Scraped caption text data
++++++++++

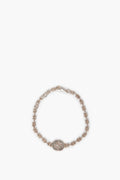 Gucci Silver Single GG Bracelet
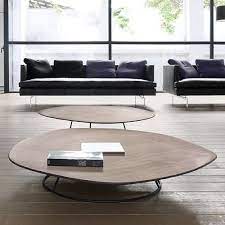 The coffee table creates a common focal point in any living room and is essential in serving and entertaining guests. Pebble By Ligne Roset Modern Tables Coffee Table Low Coffee Table Coffee Table Design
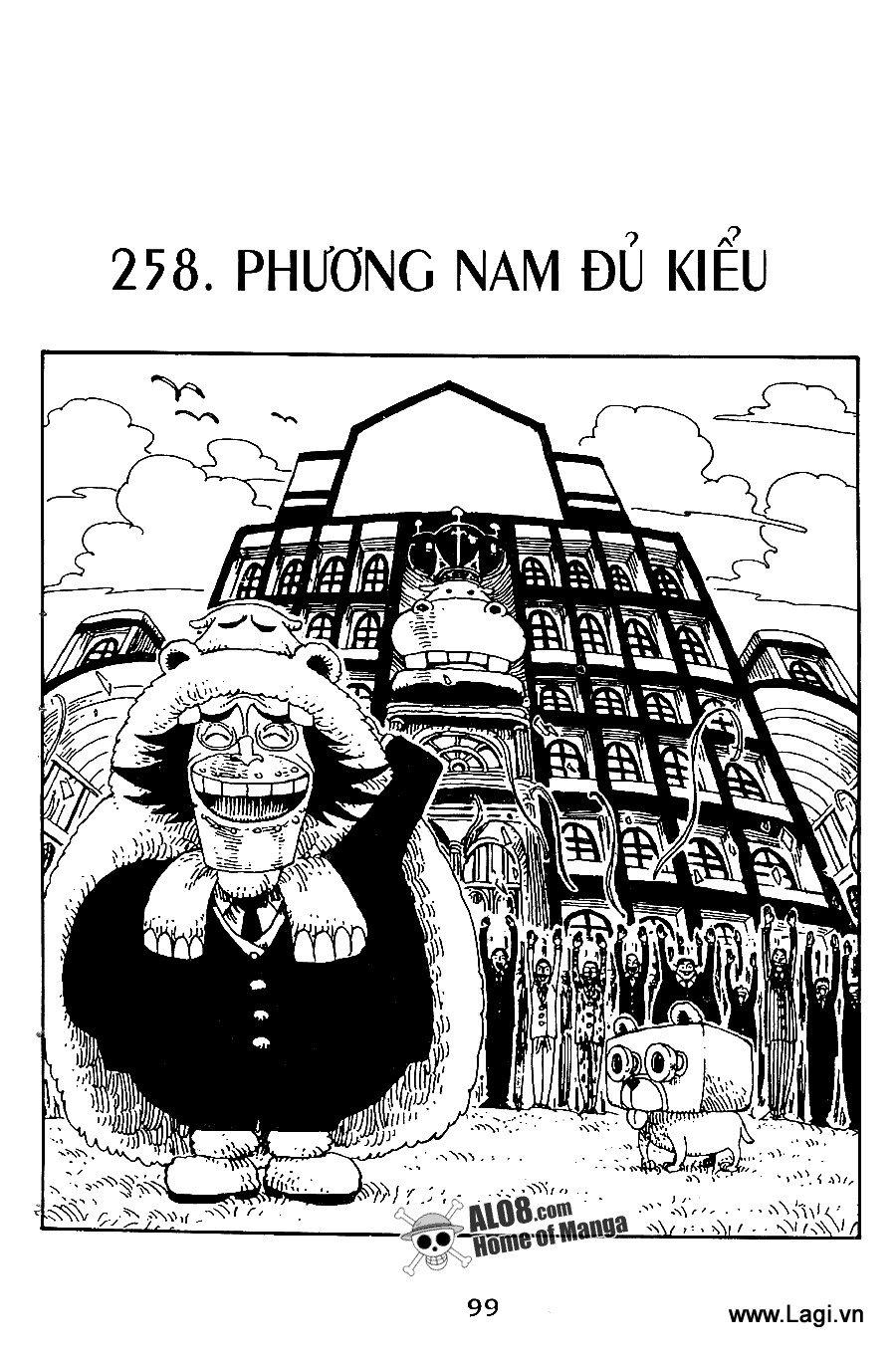 One Piece Tập 258 - Trang 1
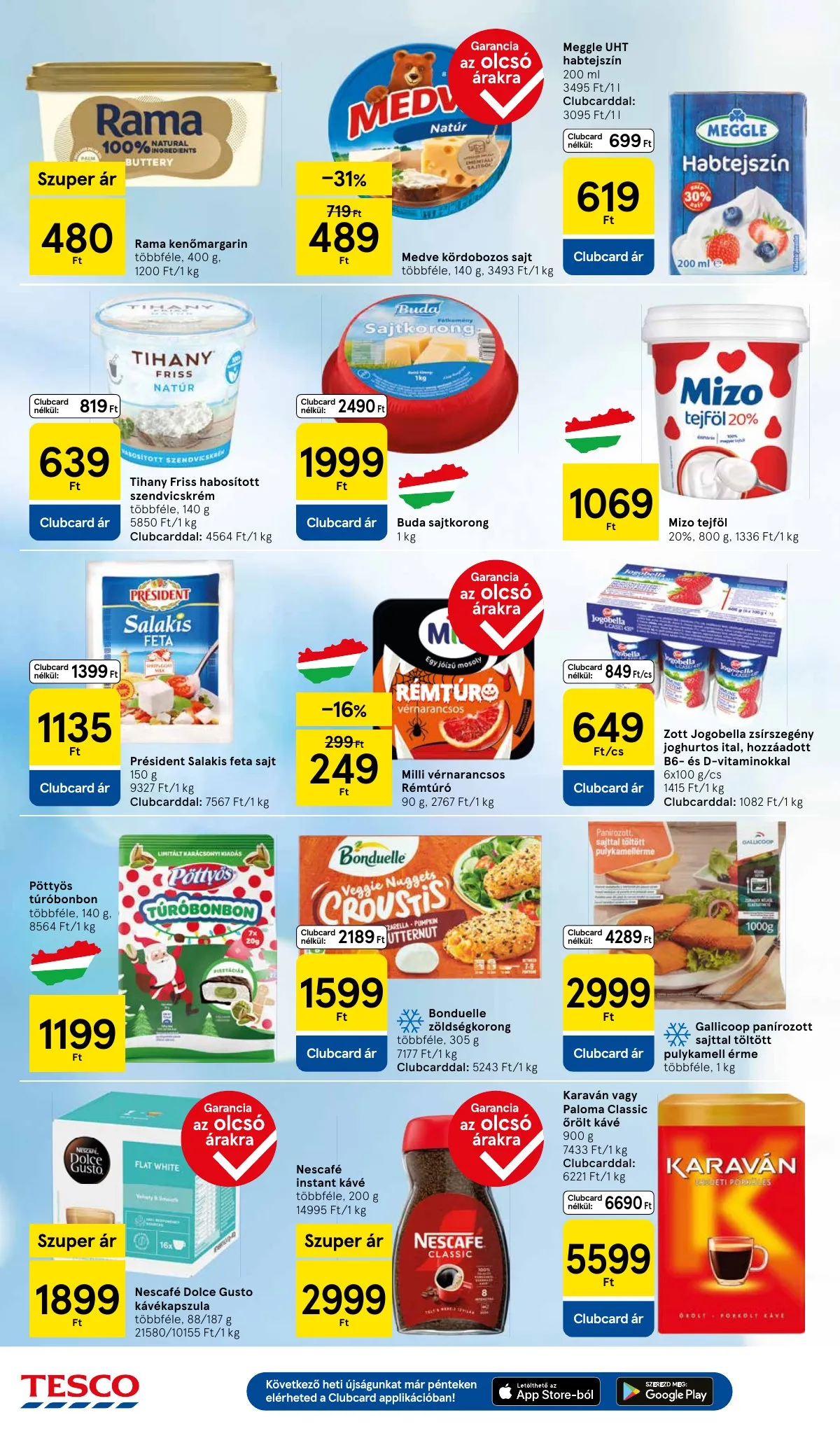 Tesco akciós újság Hipermarket 10.30–11.05 – 4. oldal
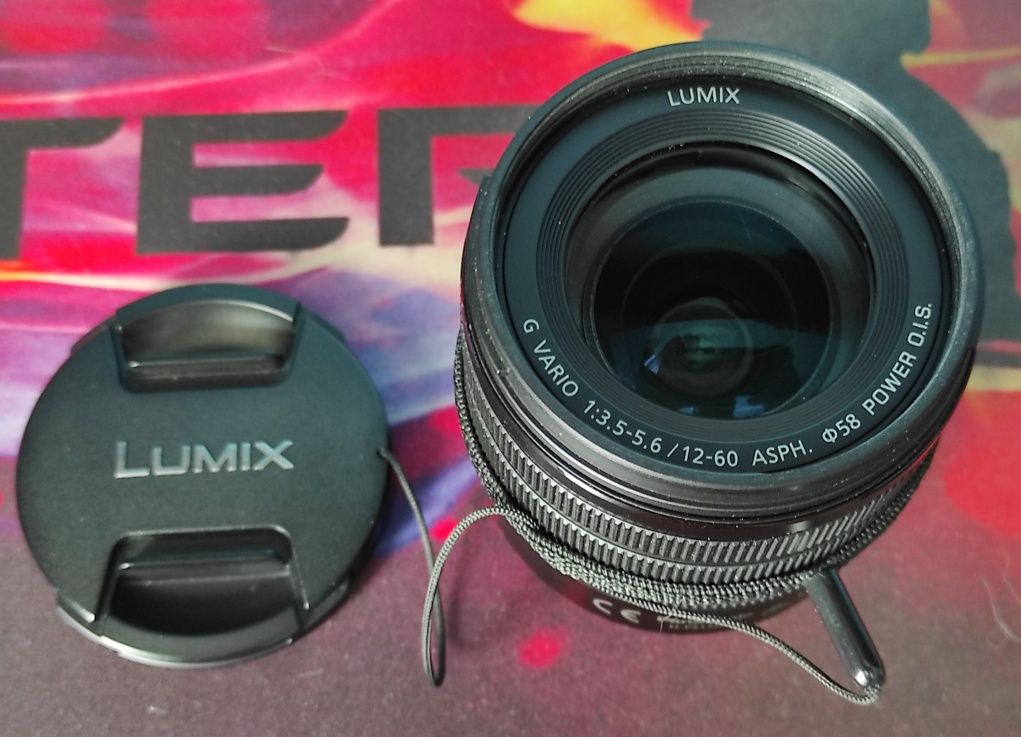Объектив Panasonic Lumix 12-60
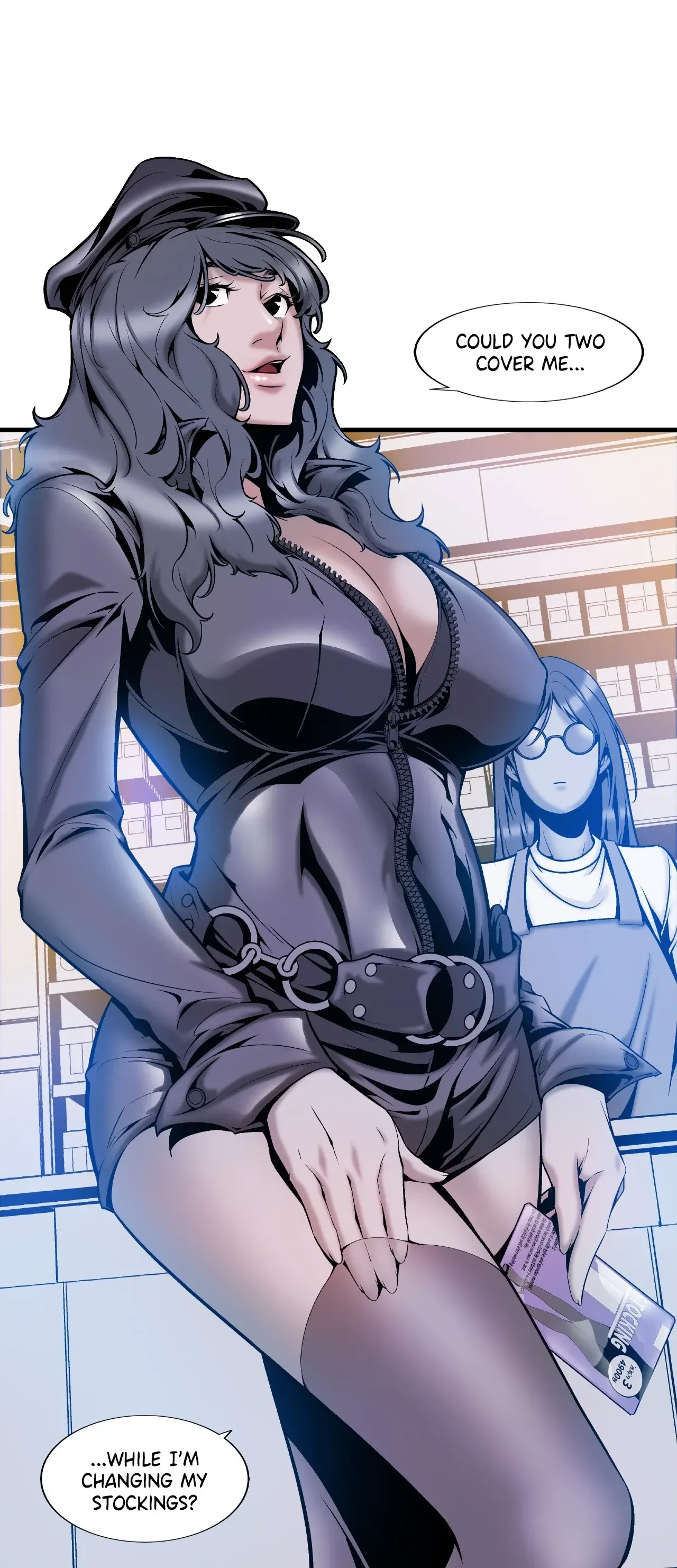 Read Midnight Taxi chapter 5 image 33 on Lezhin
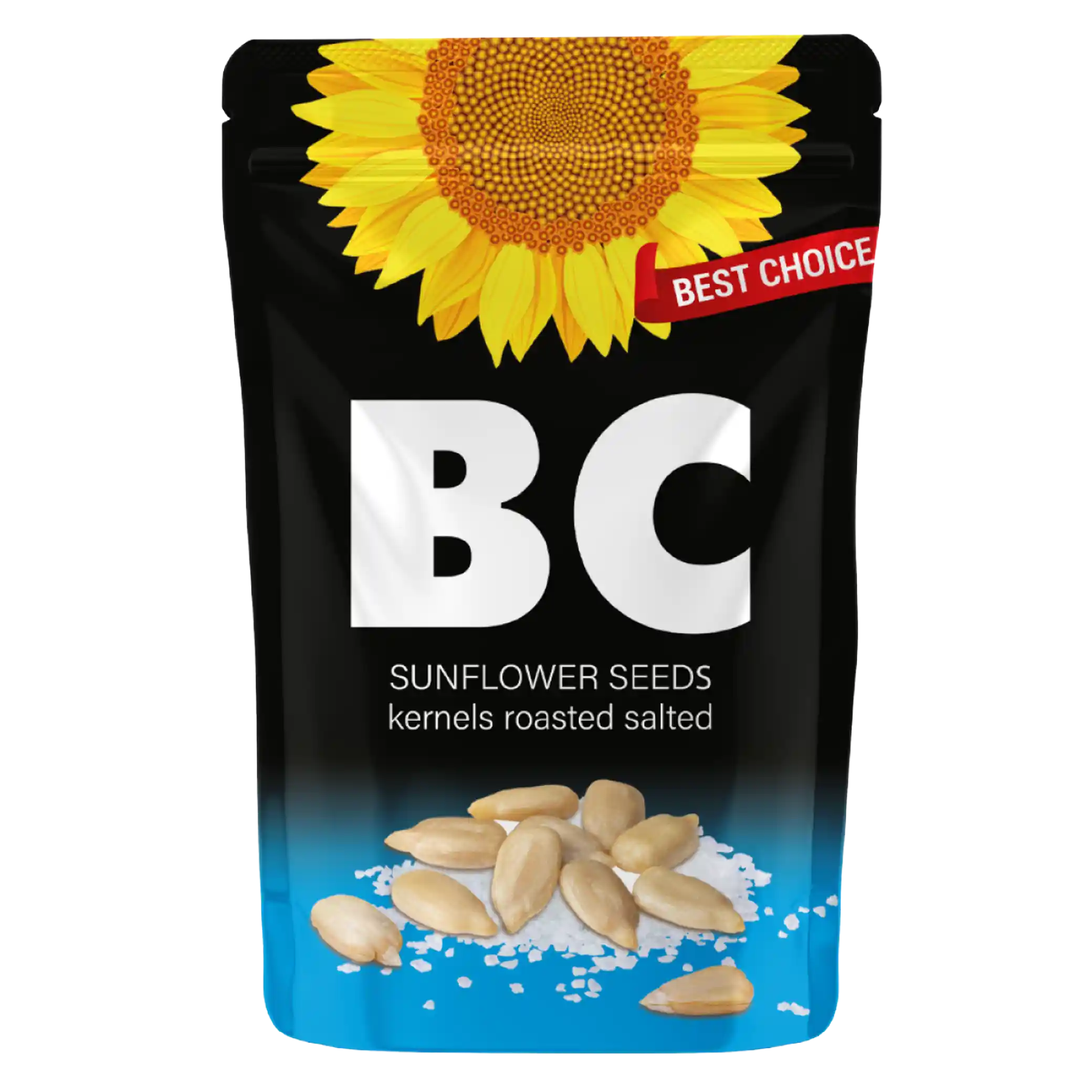 VS BC Slunečnicová semínka loupaná pražená slaná , 300g/10ks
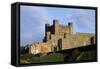 View of Bamburgh Castle, Northumberland, England, 11th Century-null-Framed Stretched Canvas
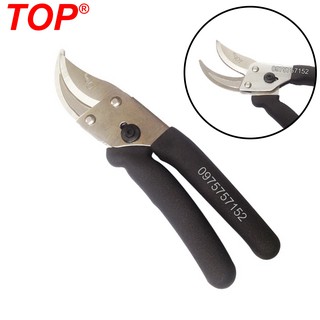 Kéo cắt cành lưỡi cong tay dạ TOP 230mm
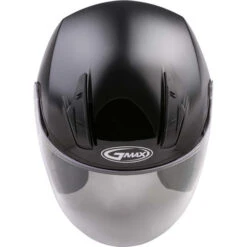 Gmax OF-17 Helmet Solids -Motorcycle Helmet Store gmax of 17 helmet solid gloss black top 39670.1560420530
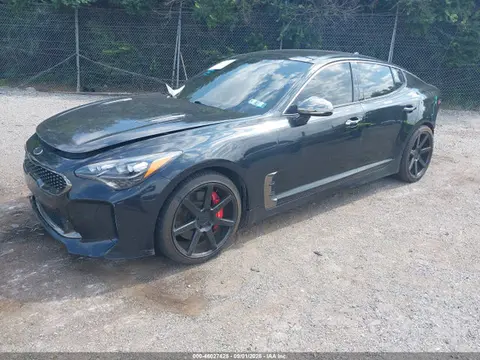 2019 KIA Stinger Gt1 VIN KNAE45LC0K6053520 фото 2
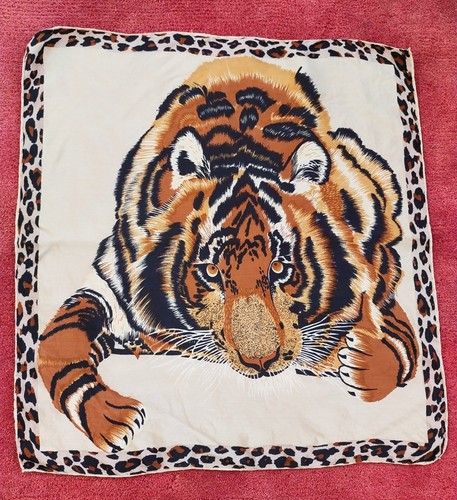 Foulard carré soie italie - foulard,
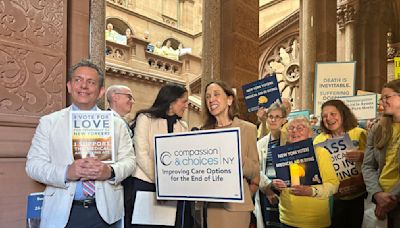 Why physician-assisted suicide is gaining ground in Albany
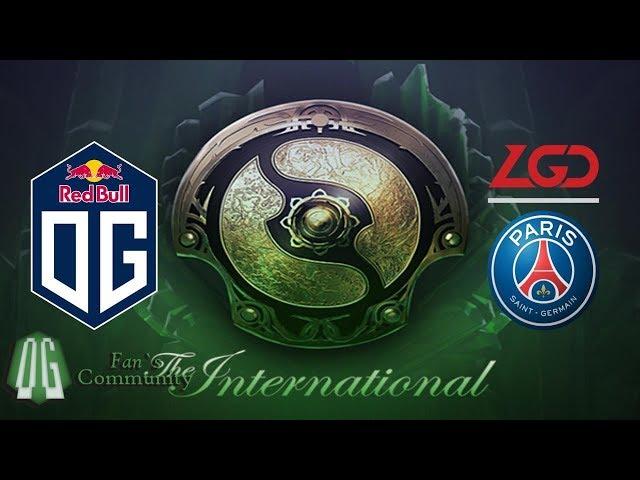 OG vs PSG.LGD - Game 1 - The International 2018 - Main Event - Grand Final.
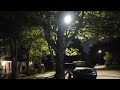 Night Walk in Raleigh NC | Calm Neighborhood Sounds for Relaxation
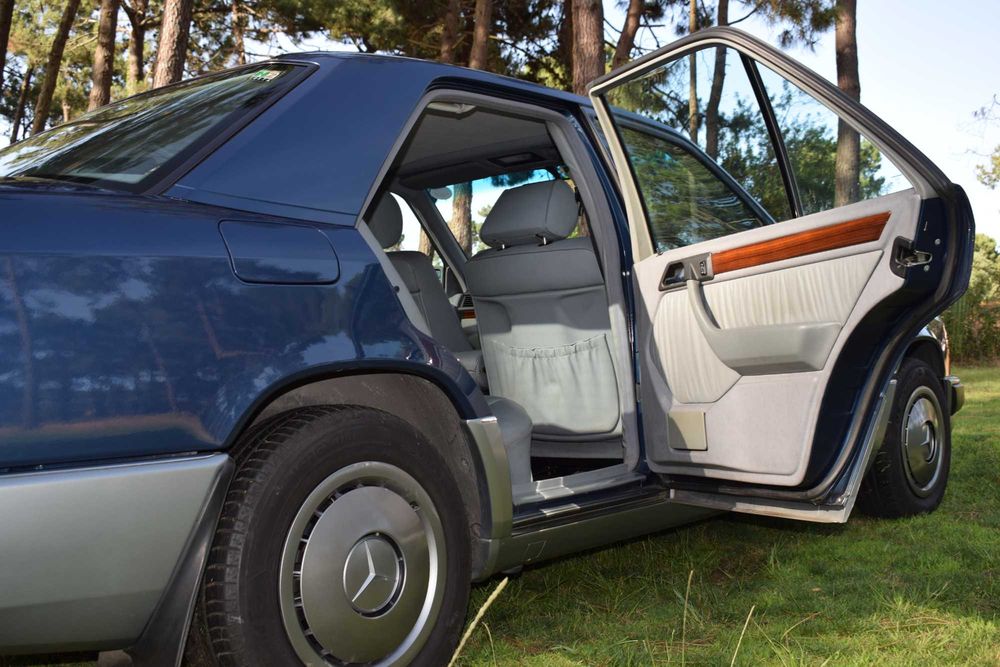 W124 230e 2.3cc clássico
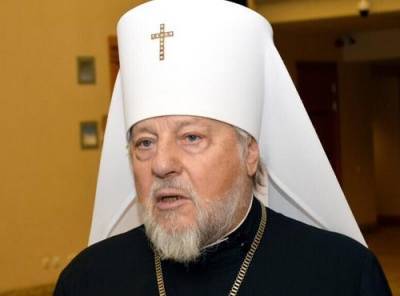 Митрополит Латвийской православной церкви призвал усердно молиться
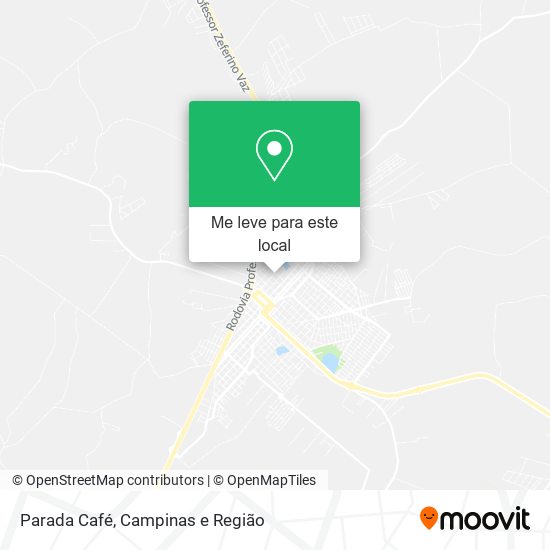 Parada Café mapa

++++++++++

● DESCRIPTION OF THE TASK: The answer must match the entries above line for line, with the pictures dropped.

● PROBLEM SOLUTION:
 Gucci Silver Single GG Bracelet
 The coffee table creates a common focal point in any living room and is essential in serving and entertaining guests. Pebble By Ligne Roset Modern Tables Coffee Table Low Coffee Table Coffee Table Design
 One Piece Tập 258 - Trang 1
 Tesco akciós újság Hipermarket 10.30–11.05 – 4. oldal
Объектив Panasonic Lumix 12-60
 Read Midnight Taxi chapter 5 image 33 on Lezhin
 VS BC Slunečnicová semínka loupaná pražená slaná , 300g/10ks
 View of Bamburgh Castle, Northumberland, England, 11th Century-null-Framed Stretched Canvas
 Kéo cắt cành lưỡi cong tay dạ TOP 230mm
 Gmax OF-17 Helmet Solids -Motorcycle Helmet Store gmax of 17 helmet solid gloss black top 39670.1560420530
 2019 KIA Stinger Gt1 VIN KNAE45LC0K6053520 фото 2
 Foulard carré soie italie - foulard,
 Why physician-assisted suicide is gaining ground in Albany
 OG vs PSG.LGD - Game 1 - The International 2018 - Main Event - Grand Final.
 Night Walk in Raleigh NC | Calm Neighborhood Sounds for Relaxation
 W124 230e 2.3cc clássico
 Митрополит Латвийской православной церкви призвал усердно молиться
 Parada Café mapa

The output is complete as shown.